══ Provided data ══
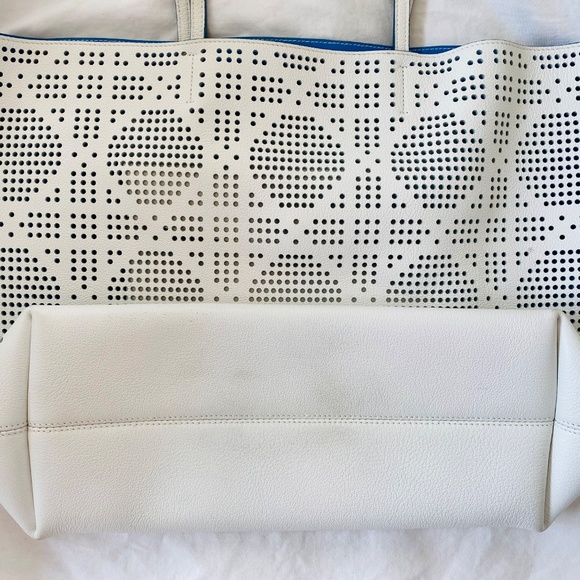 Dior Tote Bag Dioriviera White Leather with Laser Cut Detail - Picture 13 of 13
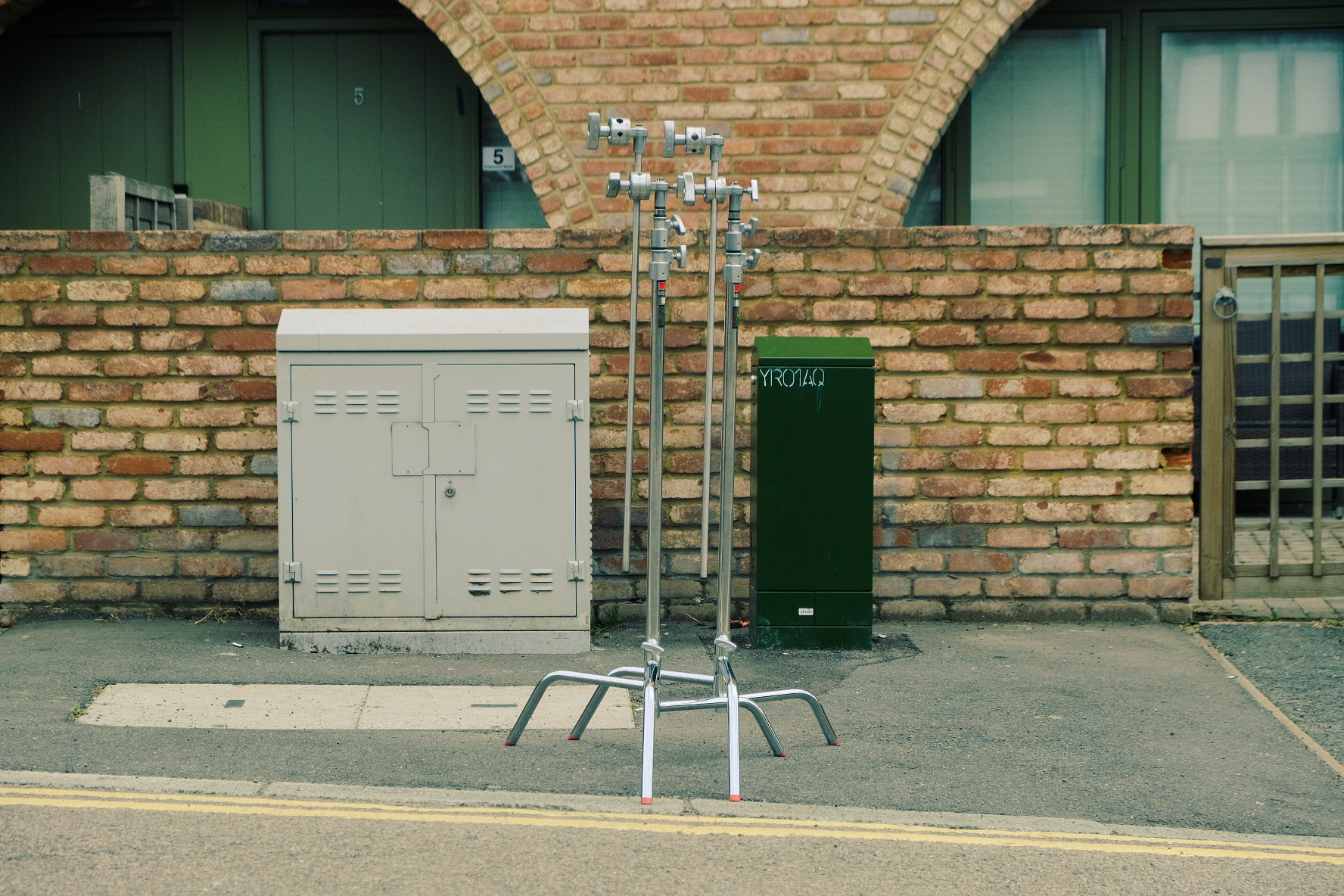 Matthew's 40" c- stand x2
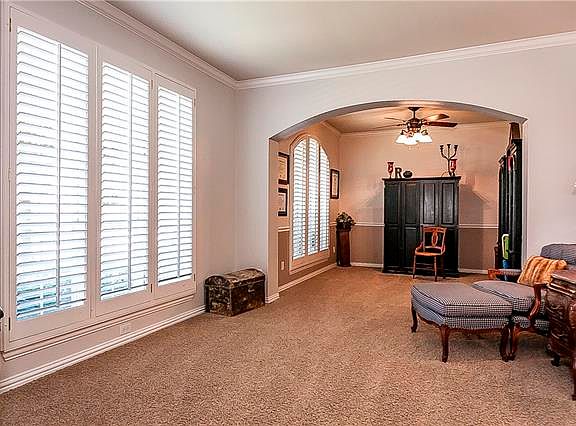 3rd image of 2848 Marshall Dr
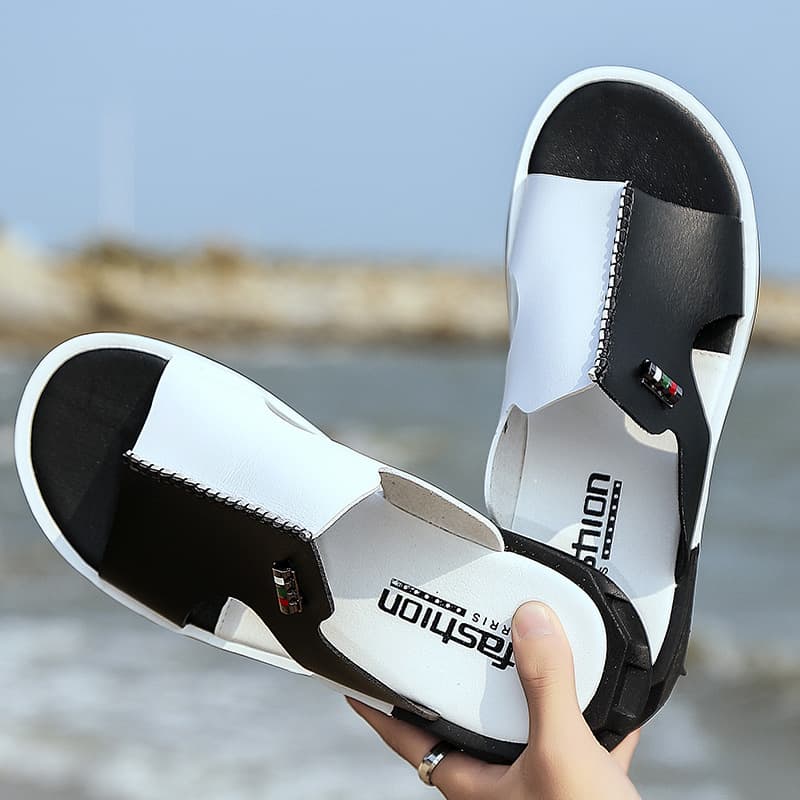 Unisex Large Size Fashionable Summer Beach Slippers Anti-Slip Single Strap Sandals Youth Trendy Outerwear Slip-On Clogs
═══
What is required |
Lines from the one holding "3rd image of 2848 Marshall Dr" to the end of the data, both ends included, are to be given again exactly; no pictures belong in the copy.

Response for this exercise |
 3rd image of 2848 Marshall Dr
 Unisex Large Size Fashionable Summer Beach Slippers Anti-Slip Single Strap Sandals Youth Trendy Outerwear Slip-On Clogs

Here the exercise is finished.